Yes, the port is correct.  I just wanted to make sure the rule is correct because most of the examples are about blocking traffic between networks but I'm trying to block workstations from using mDNS within the vlan in this example.

I already don't allow traffic between VLANs through my firewall.  So it would just be the switch that I'm concerned about.  

So if I have 5 vlans, how do I make sure clients on different vlans can't communicate with each other?  Seems like you could go with deny rules or add a deny any at the bottom, then go with allow rules.

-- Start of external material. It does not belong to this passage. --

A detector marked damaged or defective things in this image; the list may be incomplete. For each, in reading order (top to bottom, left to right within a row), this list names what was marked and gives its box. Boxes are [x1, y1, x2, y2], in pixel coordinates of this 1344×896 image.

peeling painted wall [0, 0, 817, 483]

The one point to remember with ACLs on the MS switches is that they’re applied to all traffic entering the switch, not going between VLANs - hence why there is no default deny all, as that would render the switch inoperative out of the box (it would just deny everything). And they’re stateless too - so just because they allow traffic in one direction, doesn’t mean they’ll let it come back the other way.

As you’ve discovered this actually provides some great flexibility as it means you can actually stop clients from communicating within a VLAN.

It also means that to stop communication between VLANs you could use deny rules that specify the source IP as any, the destination IP as the other VLANs subnet, and apply it to the source VLAN, simple as that. Then you don’t actually need the rules on the firewall to block inter-VLAN traffic as it is blocked as it enters the network. 

There are a couple of gotchas to watch out for. The MS390 switches still have limitations on support for switch ACLs, and the MS120/125 switch model also have restrictions.